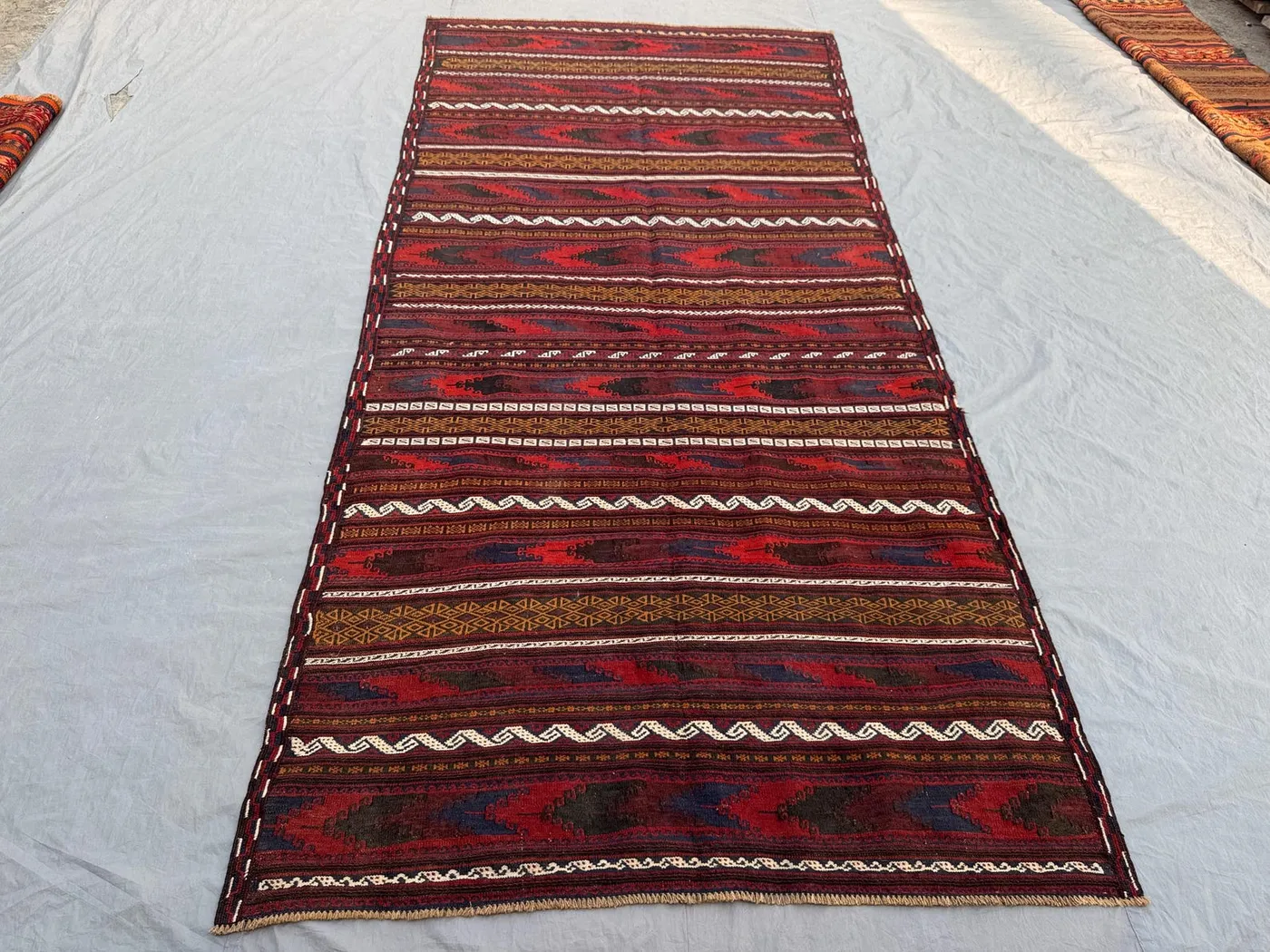 4'9 x 10'8 ft Antique Afghan Baluchi Kilim No Pile Flat Weave Hand Knotted Tribal Rug – Hallway Runner Living Room Decor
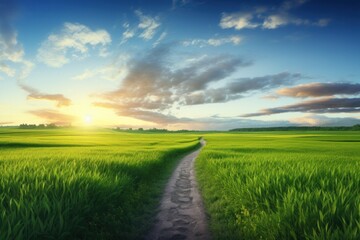 a path through a green field towards sunset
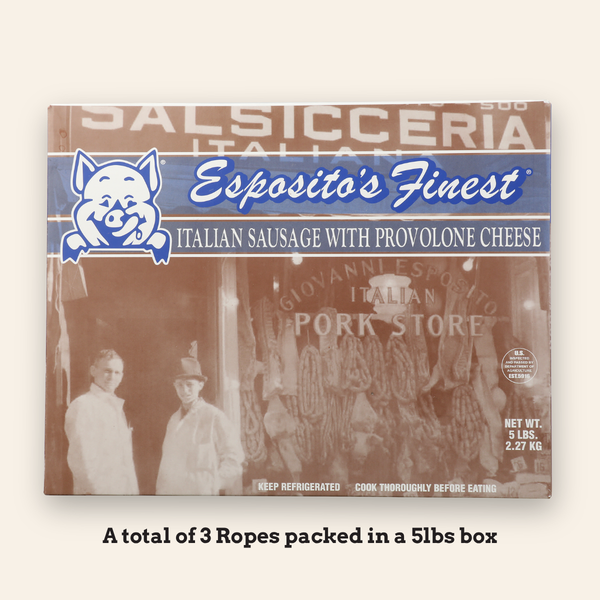 Esposito's sausage box packaging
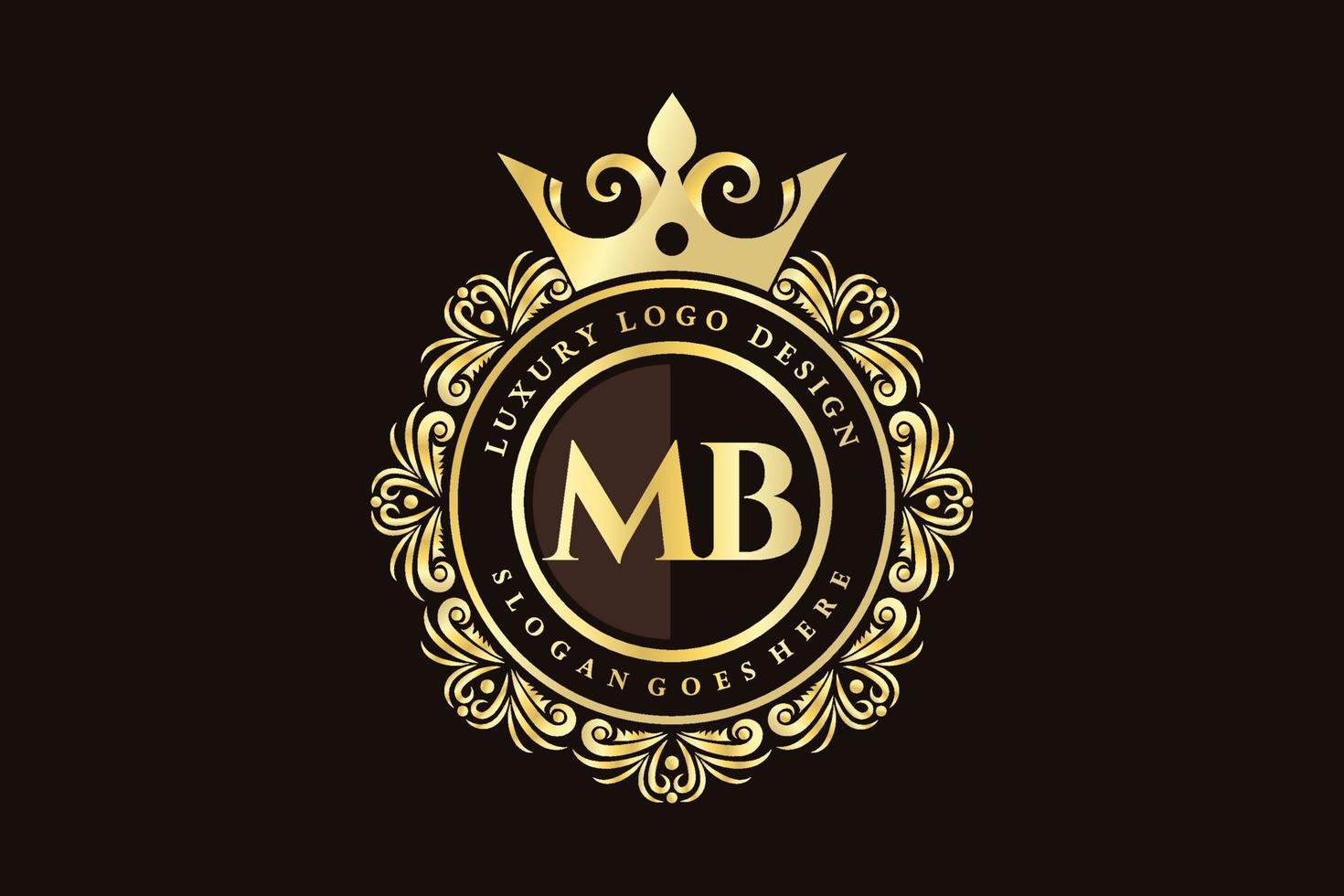 mb letra inicial oro caligráfico femenino floral dibujado a mano monograma heráldico antiguo estilo vintage diseño de logotipo de lujo vector premium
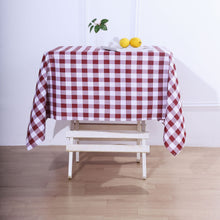 Plaid Tablecloth Square 54 Inch x 54 Inch White And Burgundy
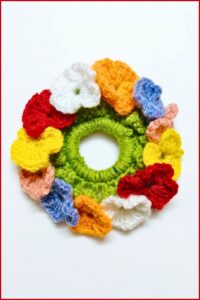 Crochet Flower Scrunchie Pattern 6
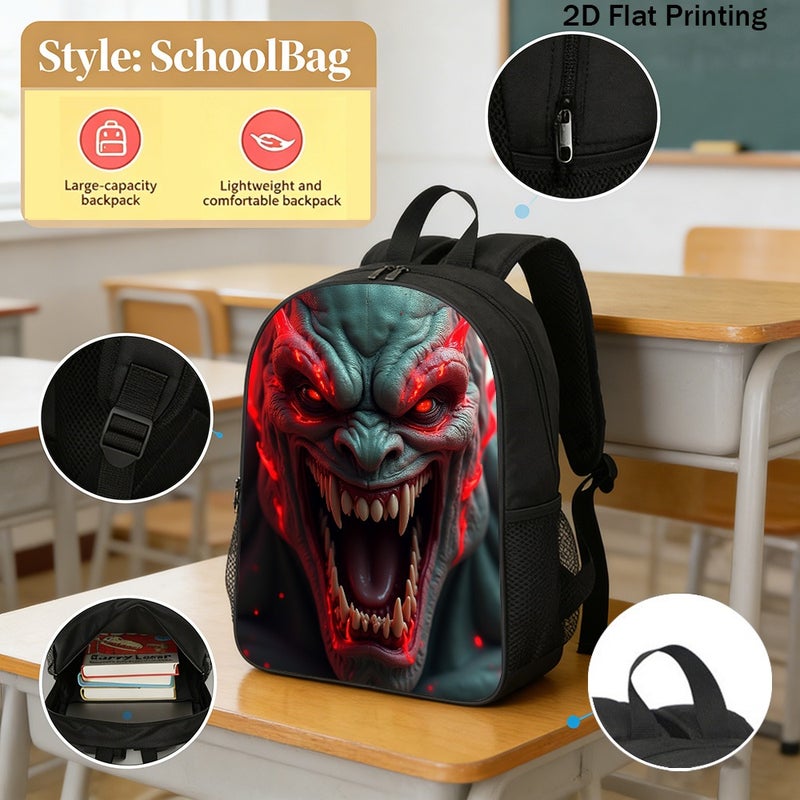School fierce demon monster face Backpack Lightweight Water Resistant 2D Flat Print for travel outdoor party for Students - Image 2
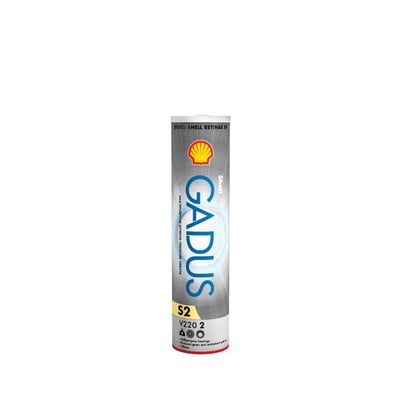 Shell Gadus S2 V220 2 smørefedtpatron på 400g, viser produktnavn og Shell logo på hvid baggrund.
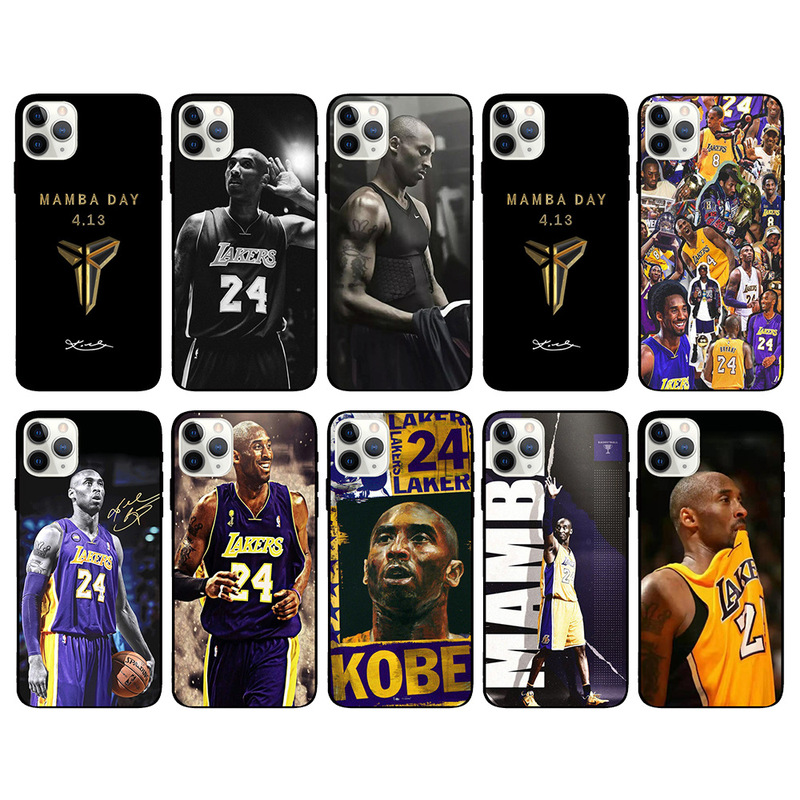 Trendy Kobe James Phone Case for Apple 14 Pro max Protective Case XR12 Frosted Soft Case 13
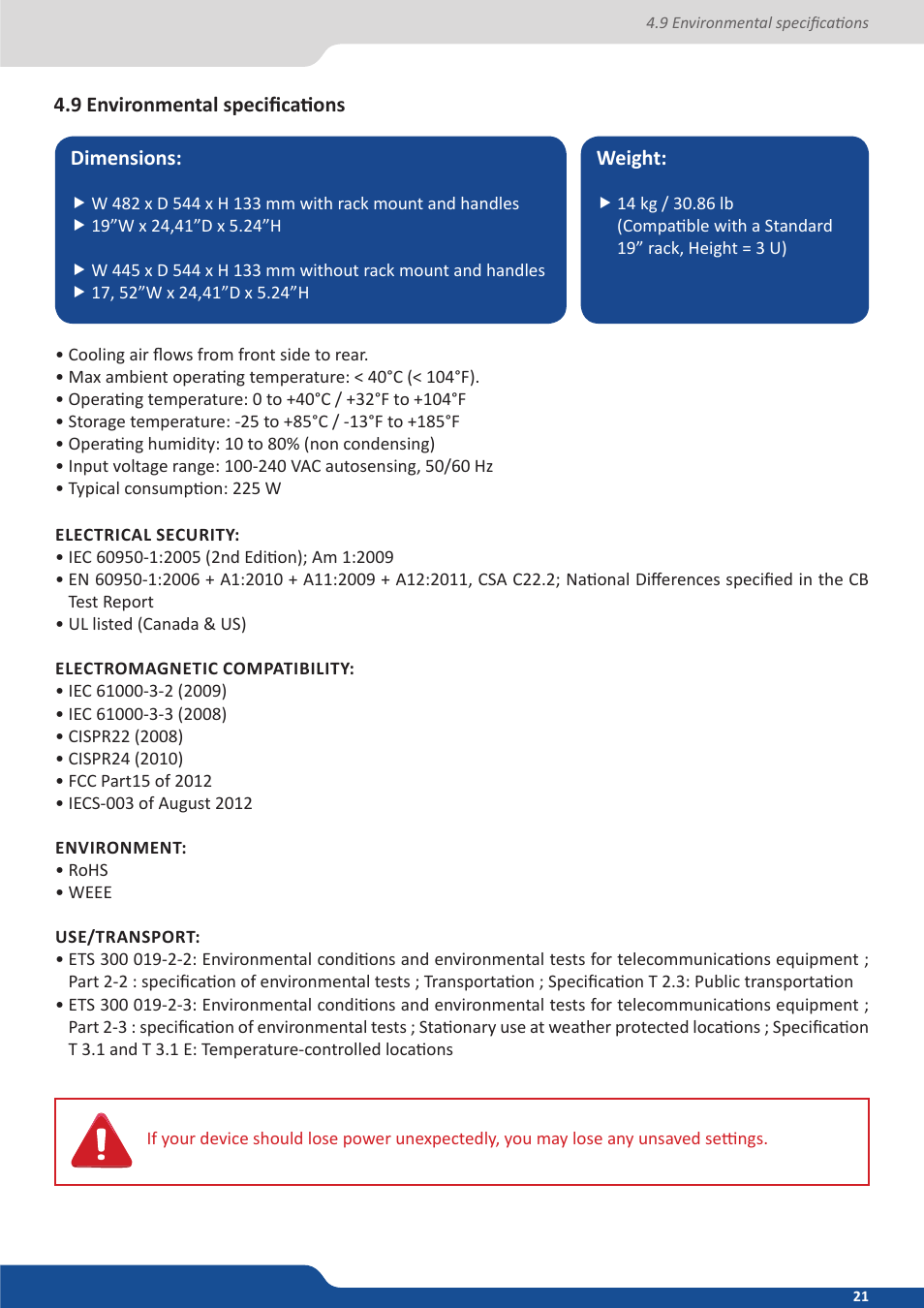 9 environmental specifications | Analog Way NeXtage 16 User Manual | Page 21 / 81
-*-*-
Task objective
Please output only the lines running from the one that holds "Plaid Tablecloth Square" through the last line of the entries, both ends included, without any images.

Response to this exercise
 Plaid Tablecloth Square 54 Inch x 54 Inch White And Burgundy
 Crochet Flower Scrunchie Pattern 6
School fierce demon monster face Backpack Lightweight Water Resistant 2D Flat Print for travel outdoor party for Students - Image 2
 Shell Gadus S2 V220 2 smørefedtpatron på 400g, viser produktnavn og Shell logo på hvid baggrund.
 Trendy Kobe James Phone Case for Apple 14 Pro max Protective Case XR12 Frosted Soft Case 13
 9 environmental specifications | Analog Way NeXtage 16 User Manual | Page 21 / 81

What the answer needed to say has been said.